Слушая слова мужчины, наполненные любовью, Маньнян ощутила ревность и ненависть, её сердце горело огнём, и ей очень хотелось сказать несколько жестоких слов.
— Именно ты приняла то решение о судьбе Чана, — внезапно сев перед ней на корточки, сказал Гу Тинъе. — Ты же знаешь меня. Если я принял решение, я не заберу обратно своих слов. В этой жизни и в этом мире Чан никогда не станет частью семьи Гу и не будет вписан в семейное древо. Ему следует самостоятельно основать свою семью.
— Ты… Что ты собираешься с нами сделать?! — заторможенно спросила Маньнян.
— Ты не можешь больше оставаться в столице, — встав и на мгновение задумавшись, ответил Гу Тинъе. — Я отправлю тебя обратно в твой родной город в Хуэйчжоу. Когда ты доберёшься туда, ты сможешь купить себе землю и начать жить заново. Я посещу местных чиновников, и никто не посмеет третировать Чана за то, что он растёт без отца.
— Тогда… Что насчёт меня? — Маньнян снова собиралась заплакать. — Это конец моей жизни?!
— Я просил тебя отдать мне Чана, чтобы ты могла спокойно выйти замуж, — усмехнулся Гу Тинъе. — Ты сказала, что в таком возрасте уже не сможешь удачно выйти замуж. Ты сказала, что если у тебя не будет сына, тебе не на кого будет опереться. Из-за этих слов я оставил Чана рядом с тобой. Что, неужели ты опять передумала?
— Ты просто ненавидишь меня, верно? — вскинув голову, спросила Маньнян, в изумлении смотря на мужчину. — Ты даже не хочешь меня больше видеть!
Некоторое время Гу Тинъе молча смотрел на неё.
— Если честно, я боюсь тебя, — тихо произнёс он.

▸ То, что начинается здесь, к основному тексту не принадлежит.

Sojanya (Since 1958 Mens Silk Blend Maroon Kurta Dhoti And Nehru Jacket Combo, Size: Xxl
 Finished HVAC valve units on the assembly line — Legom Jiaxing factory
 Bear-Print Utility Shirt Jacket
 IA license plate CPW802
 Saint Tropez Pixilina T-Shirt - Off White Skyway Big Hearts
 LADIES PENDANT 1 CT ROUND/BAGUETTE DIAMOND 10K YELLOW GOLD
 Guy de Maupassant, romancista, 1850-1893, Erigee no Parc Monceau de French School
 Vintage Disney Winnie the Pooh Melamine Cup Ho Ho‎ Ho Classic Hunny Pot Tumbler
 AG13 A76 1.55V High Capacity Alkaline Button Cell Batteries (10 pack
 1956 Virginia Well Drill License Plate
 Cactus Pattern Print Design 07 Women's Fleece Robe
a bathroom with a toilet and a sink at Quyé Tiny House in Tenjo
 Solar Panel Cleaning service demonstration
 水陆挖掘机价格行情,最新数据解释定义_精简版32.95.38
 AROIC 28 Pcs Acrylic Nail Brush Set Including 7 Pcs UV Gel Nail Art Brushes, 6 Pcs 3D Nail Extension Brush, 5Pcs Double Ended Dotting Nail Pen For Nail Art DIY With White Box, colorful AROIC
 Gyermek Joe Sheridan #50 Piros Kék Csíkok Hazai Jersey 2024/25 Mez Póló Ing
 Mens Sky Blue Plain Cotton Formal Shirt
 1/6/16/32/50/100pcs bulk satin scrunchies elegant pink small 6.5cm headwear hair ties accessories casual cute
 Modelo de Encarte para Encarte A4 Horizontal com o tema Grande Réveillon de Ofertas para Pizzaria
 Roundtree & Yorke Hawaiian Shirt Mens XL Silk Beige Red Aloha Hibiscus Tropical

Изобретательность, терпение и настойчивость Маньнян были словно у дух паука в истории Чанмао. Она плела липкую плотную паутину, заманивала свою цель в ловушку и наблюдала за тем, как та барахтается, неспособная выбраться. Бесполезно было просить о пощаде и надеяться на то, что она отпустит его. На самом деле, он чувствовал, что был лишь один способ избавиться от неё — убить. Оставить её было всё равно, что сбежать с Небес.
— Сегодня я дам тебе последнее обещание, — подойдя к двери, внезапно обернулся Гу Тинъе. Он смотрел на Маньнян, которая всё ещё сидела на полу. — Если у вас случится что-то срочное, ты можешь попросить кого-нибудь передать мне сообщение. Чан’эр моя плоть и кровь, я не стану сидеть сложа руки. Но если… — его лицо было непроницаемым, а голос холодным, словно мороз. — Если ты осмелишься снова явиться в столицу или подойти к дверям моего дома по какой-либо причине… Ты больше никогда не увидишь Чана, а он не сможет увидеть тебя.
Он не сказал «я убью тебя» или «потому что нельзя увидеться с тем, кого не существует», но Маньнян хорошо знала его и понимала, что если он решит забрать у неё сына, он разберётся с ней раз и навсегда.
Сказав это, Гу Тинъе резко открыл дверь и вышел. Ослепительное солнце сияло над его головой, в лицо дул освещающий ветер с гор и лесов. Он глубоко вздохнул и торжественно произнёс:
— На рассвете подготовьте повозку.
— Как прикажете, господин, — уважительно ответил управляющий Хао.
Гу Тинъе слегка повернул голову и посмотрел в сторону покоев пожилой госпожи Цинь.
«Пора разобраться с ними», — усмехнувшись, подумал он.